As an example, we can imagine having a vehicle dataset containing information like:

{    
"id": "AA-BB-00-77",
"type": "truck",
"origin": "ATL",
"destination": "LGA",
"depdelay": 0.0,
"arrdelay": 0.0,
"distance": 762.0
}

Here is the code to persist a vehicles DataFrame as a table consisting of Parquet files partitioned by the destination column:

df.write.format("parquet")
.partitionBy("destination")
.option("path", "/data/vehicles")
.saveAsTable("vehicles")

Below is the resulting directory structure as shown by a Hadoop list files command:

hadoop fs -ls /data/vehicles

  /data/vehicles/destination=ATL
  /data/vehicles/destination=BOS
  /data/vehicles/destination=CLT
  /data/vehicles/destination=DEN
  /data/vehicles/destination=DFW
  /data/vehicles/destination=EWR
  /data/vehicles/destination=IAH
  /data/vehicles/destination=LAX
  /data/vehicles/destination=LGA
  /data/vehicles/destination=MIA
  /data/vehicles/destination=ORD
  /data/vehicles/destination=SEA
  /data/vehicles/destination=SFO

Given a table of vehicles containing the information as above, using the Column pruning technique if the table has 7 columns, but in the query, we list only 2, the other 5 will not be read from disk. Predicate pushdown is a performance optimization that limits with what values will be scanned and not what columns.
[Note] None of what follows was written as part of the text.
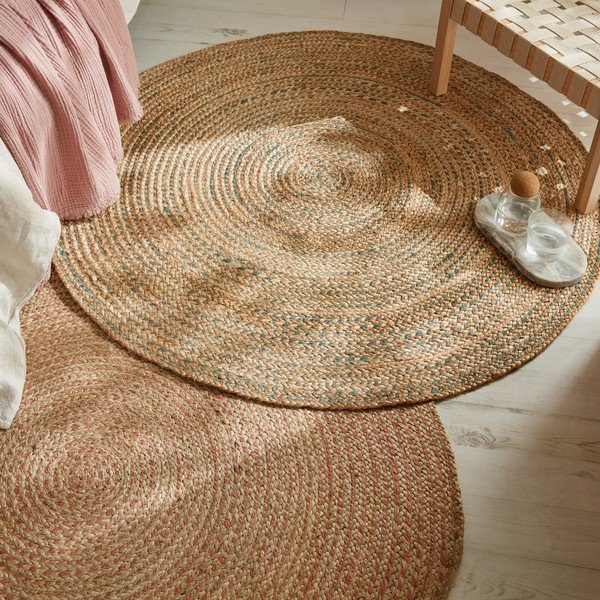 Zils/dabīga toņa džutas apaļš paklājs ø 133 cm Capri – Flair Rugs-image-2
So, if you apply a filter on column destination to only return records with value BOS, the predicate push down will make parquet read-only blocks that may contain values BOS. So, improve performance by allowing Spark to only read a subset of the directories and files. For example, the following query reads only the files in the destination=BOS partition directory in order to query the average arrival delay for vehicles destination to Boston:

df.filter("destination = 'BOS' and arrdelay > 1") 
.groupBy("destination").avg("arrdelay") .sort(desc("avg(arrdelay)")).show()

+-----------+------------------+
|destination|     avg(depdelay)|
+-----------+------------------+
|    EWR    |54.352020860495436|
|    MIA    | 48.95263157894737|
|    SFO    |47.189473684210526|
|    ORD    | 46.47721518987342|
|    DFW    |44.473118279569896|
|    CLT    |37.097744360902254|
|    LAX    |36.398936170212764|
|    LGA    | 34.59444444444444|
|    BOS    |33.633187772925766|
|    IAH    | 32.10775862068966|
|    SEA    |30.532345013477087|
|    ATL    | 29.29113924050633|
+-----------+------------------+

You can see the physical plan for a DataFrame calling the explain method as follow:

df.filter("destination = 'BOS' and arrdelay > 1") 
.groupBy("destination")
.avg("arrdelay")
.sort(desc("avg(arrdelay)"))
.explain

== Physical Plan ==
TakeOrderedAndProject(limit=1001, orderBy=[avg(arrdelay)#304 DESC NULLS LAST], 
output=[src#157,dst#149,avg(arrdelay)#314])
+- *(2) HashAggregate(keys=[destination#157, arrdelay#149],
       functions=[avg(arrdelay#152)],
       output=[destination#157, avg(arrdelay)#304])
+- Exchange hashpartitioning(destination#157, 200)
+- *(1) HashAggregate(keys=[destination#157],
              functions=[partial_avg(arrdelay#152)],  
              output=[destination#157, sum#321, count#322L])
+- *(1) Project[arrdelay#152, destination#157]
+- *(1)Filter (isnotnull(arrdelay#152) && (arrdelay#152 > 1.0))
+- *(1) FileScan parquet default.flights[arrdelay#152,destination#157] 
Batched: true, Format: Parquet, 
Location: PrunedInMemoryFileIndex[dbfs:/data/vehicles/destination=BOS], 
PartitionCount: 1, 
PartitionFilters: [isnotnull(destination#157), (destination#157 = BOS)], 
PushedFilters: [IsNotNull(arrdelay), GreaterThan(arrdelay,1.0)],
ReadSchema: struct<destination:string,arrdelay>

Here in PartitionFilters, we can see partition filter push down, which means that the destination=BOS filter is pushed down into the Parquet file scan. This minimizes the files and data scanned and reduces the amount of data passed back to the Spark engine for the aggregation average on the arrival delay.